Playing water polo for Stanford University is not an easy task. Besides spending hours in the water wrestling with other strong women, then watching videos of our mistakes and other teams' successes which is both mentally and physically exhausting, we spend a lot of time in the weight room. Though weight training may not come as a surprise to anyone who understands its amazing benefits, it is difficult to deal with the affects it has on the female body.
During my college career I have listened to numerous athletes, not just water polo players, complain about their body image. No, they didn't think they were too heavy nor did they just want to lose a few pounds. These athletes were upset about their muscular and "butch" bodies. I cannot count the number of times I heard someone say, "I can't wait until I'm done playing so I don't have to look like a man anymore." This always shocked me.
Growing up, I was much taller and heavier than most girls my age. My parents always told me I would become a strong and tall woman, but I didn't care, I just wanted to look like everyone else. Eventually, when I began to play water polo and lift weights, my body shape changed and I began to replace some of that fat with muscle. However, I still always felt like a heavy kid at heart. I looked at myself in the mirror and instead of seeing my toned body, I just saw a big girl.
Even throughout my first two years at college I was reluctant to flirt with guys and automatically put myself in the "friend zone" because I thought guys would never want to go out with a big girl like me. Yet as I heard more and more of my fellow athletes complain about their muscular bodies, I began to embrace mine. I thought of all of the benefits my height and strength gave me. Because of my size I have a presence when I walk into a room, I look good in clothes that fit my athletic body, and most importantly, my size allows me to out-muscle girls in my sport.
Contrary to what I thought, my size and strength are attractive to men. Women like me are especially attractive to men who understand what it means to be an athlete and live an active lifestyle. As I prepare to graduate, I continue to surround myself with people who share the same love for living active lifestyles. I definitely couldn't do it all on my own.

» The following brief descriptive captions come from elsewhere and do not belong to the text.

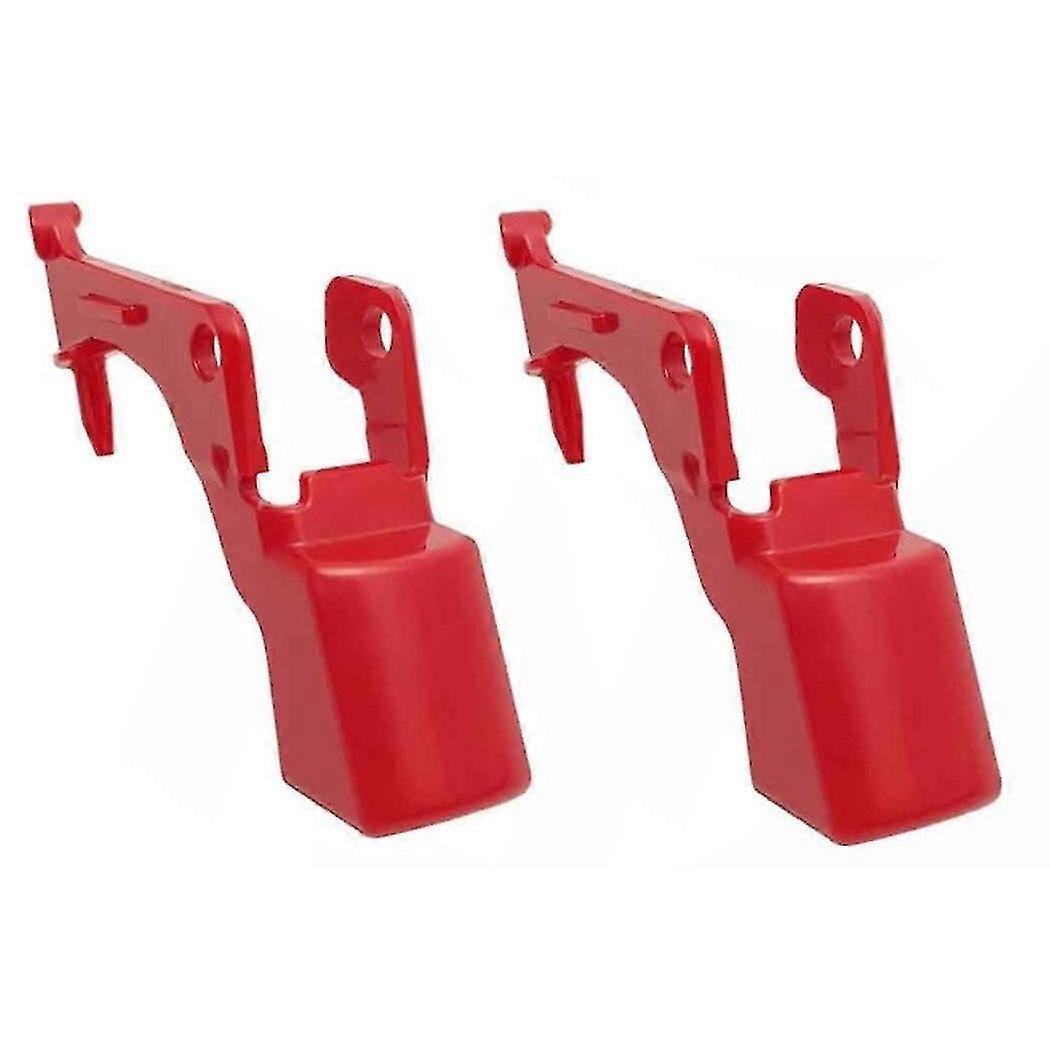 2pcs Extra Strong Trigger Power Button Switch For Dyson V10 V11 Vacuum Cleaner Sweeper Replace For Home Cleaning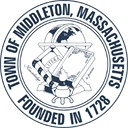 Town of Middleton logo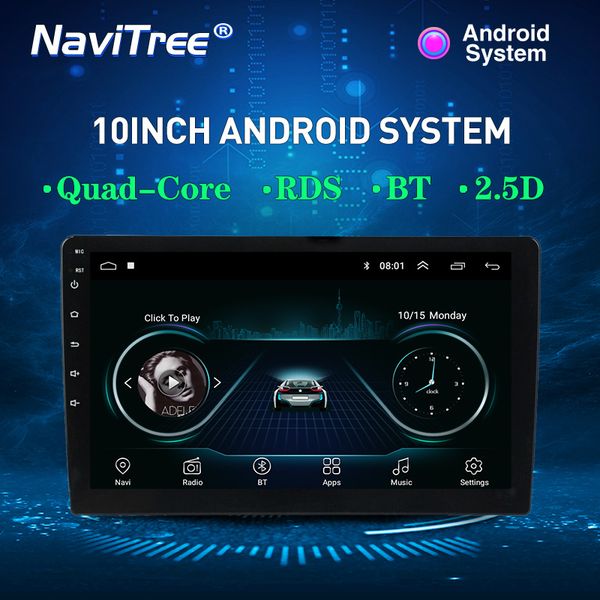 navitree 360 degrees rotatable 10" android 9.0 universal car multimedia player wifi bluetooth autoradio gps navigation ips car dvd
navitree 360 degrees rotatable 10" android 9.0 universal car multimedia player wifi bluetooth autoradio gps navigation ips car dvd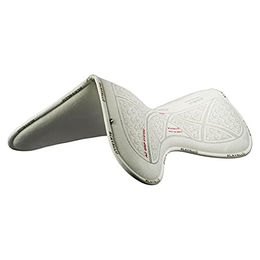 Produktbild von Acavallo Gel Pad Close Contact Grip & Memory Halfpad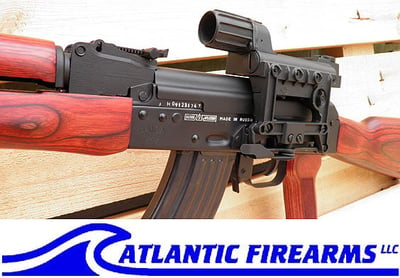 Kobra Red Dot Scope for AK Rifles Russian Import - $399
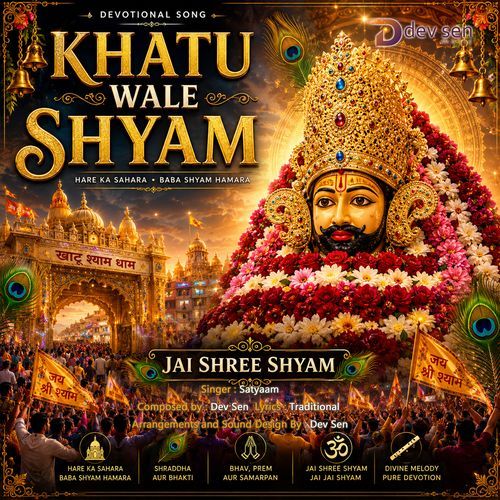 Khatu Wale Shyam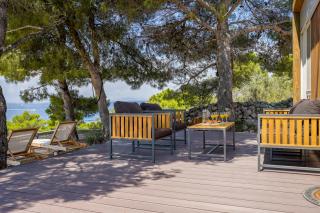 Mobile home Adria - Murter - 0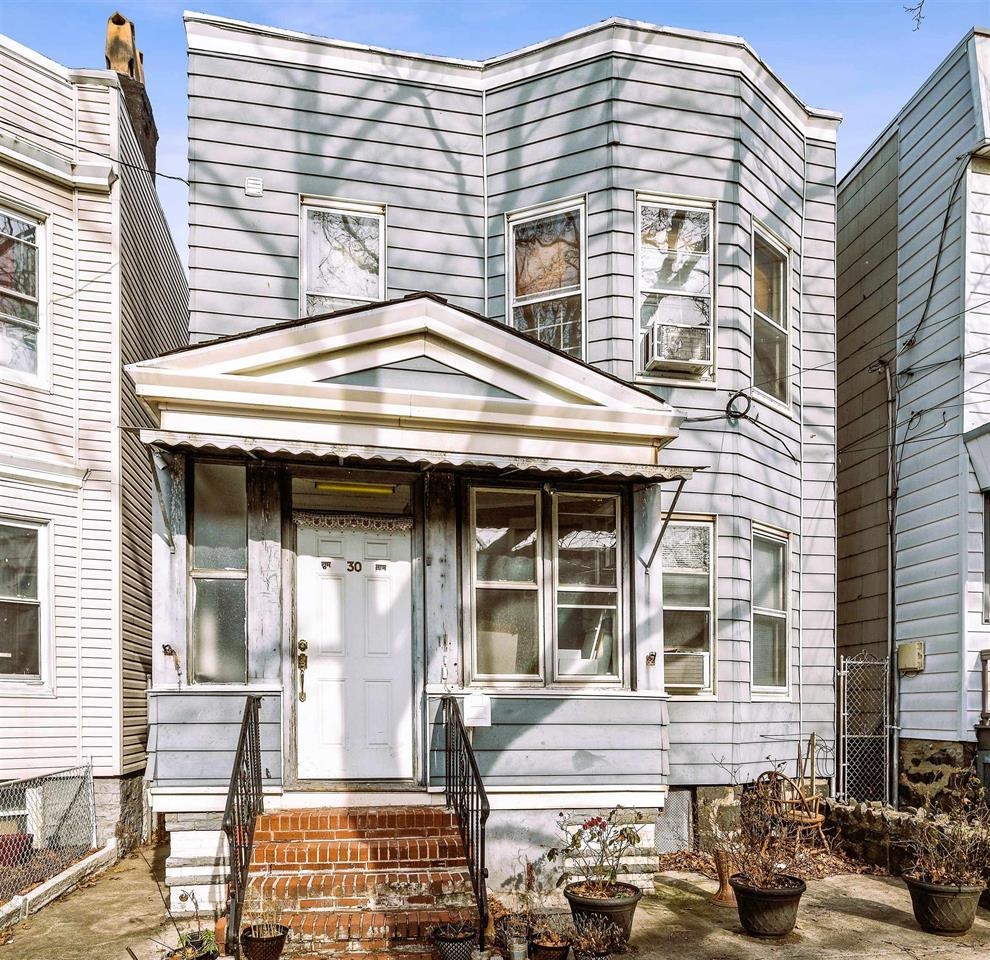 30 Troy Street Jersey City NJ 07307
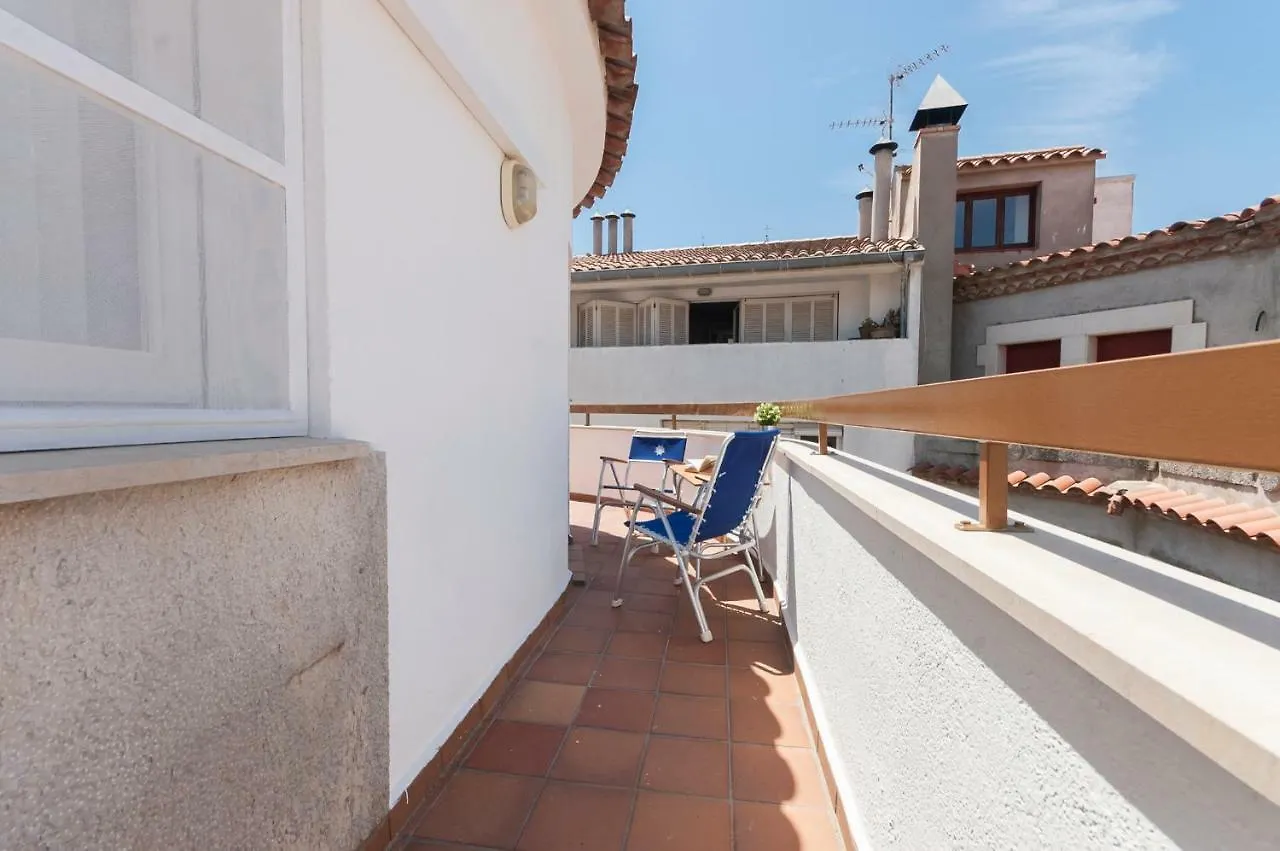 Lets Holidays Apartment Tossa Near Beach 2 Tossa de Mar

So now that I have come to love my body for the bigger, more muscular, athletic body that it is, I hope to inspire other women to do the same. No matter how big or small, muscular or thin we are, we must learn to love what we look like right here and now. When I hear another athlete talk about her thunder thighs, I tell her how good I think she looks. With affirmation and support, we can make other women around us continue to fall back in love with the athletic lifestyle.
More importantly, if we continue to look in the mirror and see ourselves for the beautiful, athletic, and healthy women that we really are, we will encourage others to do the same. So no, playing water polo and living an active lifestyle are not always easy, but they are most definitely worth the effort.